Hagedorn’s father, Tom Hagedorn, also served in Congress, representing a Minnesota district from 1975 to 1983.

The younger Hagedorn served on the Agriculture and Small Business Committees.

Following the news of Hagedorn’s death, lawmakers from both parties offered condolences.

Hagedorn “bravely endured the personal challenge of cancer treatment with dignity and grace while serving our country and his constituents,” Rep. Betty McCollum (D-Minn.) said in a statement. “Despite our policy differences on many issues, Jim and I were united in the common goal of achieving greater opportunities for future generations of Minnesotans.”

Sen.

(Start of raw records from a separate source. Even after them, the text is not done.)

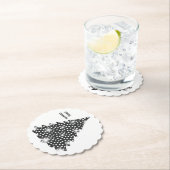 クリスマスツリーコースターブラック&ホワイトドット ペーパーコースター (インサイチュ)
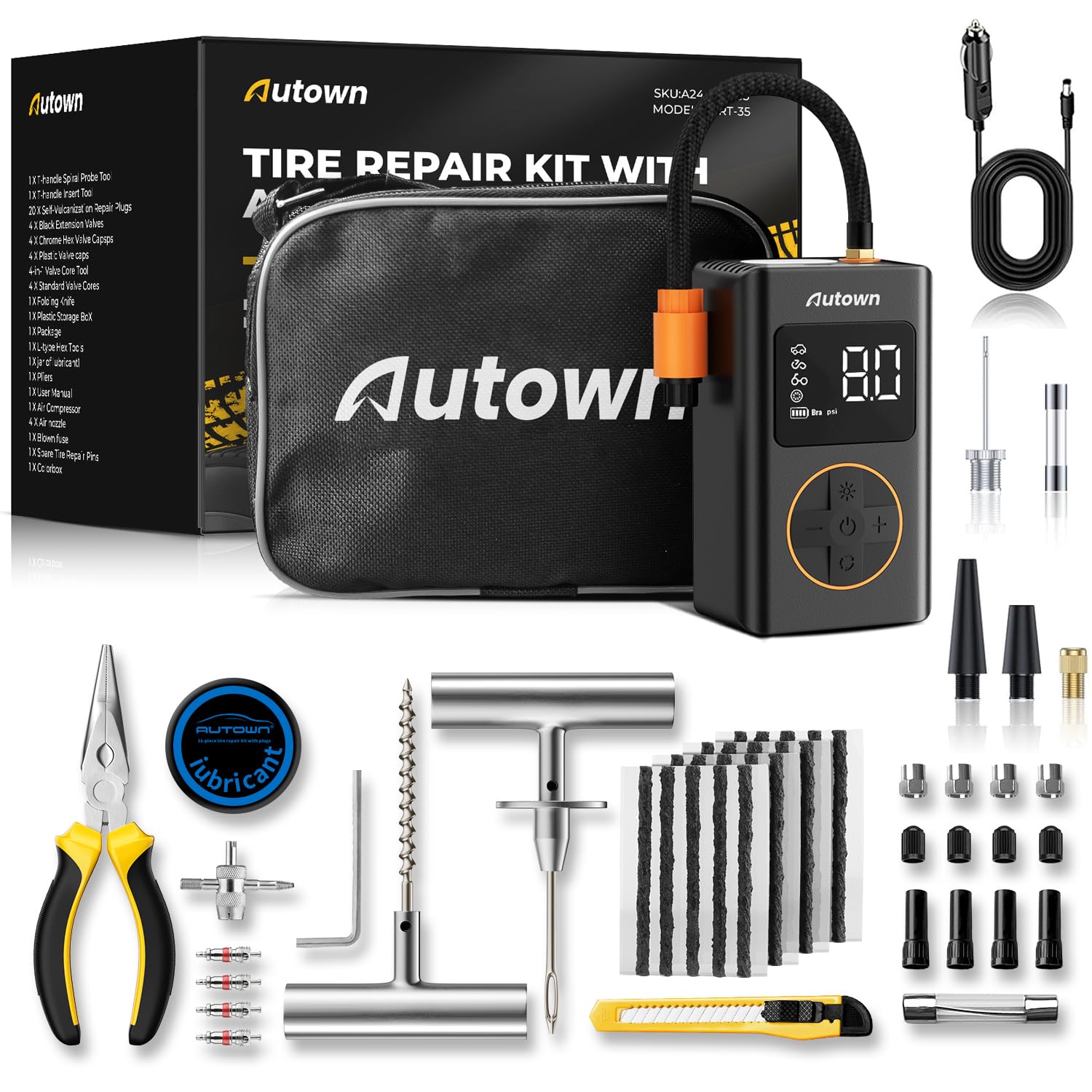 Autown Flat Tire Repair Kit With Air Compressor 54 Pieces For Car, Motorcycle, Atv, Jeep, Truck, Tractor Flat Tire Repair (54Pcs
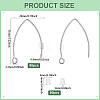 50Pcs 304 Stainless Steel Earring Hooks STAS-ME0001-51P-2
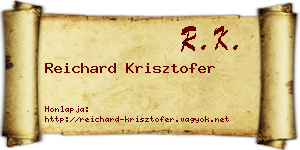 Reichard Krisztofer névjegykártya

Amy Klobuchar (D-Minn.) described Hagedorn as “a fighter for his constituents and a friend to so many, including me.”

“Through his battle against cancer, he showed a level of determination that should inspire us all,” she said on Twitter.

House Minority Leader Kevin McCarthy (R-Calif.) recalled Hagedorn’s long ties to Congress.

“Starting as a congressional staffer and then becoming a member, Jim focused on supporting and strengthening the agriculture community that is the foundation for his Southern Minnesota community,” McCarthy said in a statement. “Jim lived and breathed the spirit of determined optimism that is embedded in the American way of life all the way till the end.”

House Minority Whip Steve Scalise (R-La.) tweeted that Hagedorn was “a strong conservative with a great sense of humor who loved this country & worked tirelessly for the people he represented.”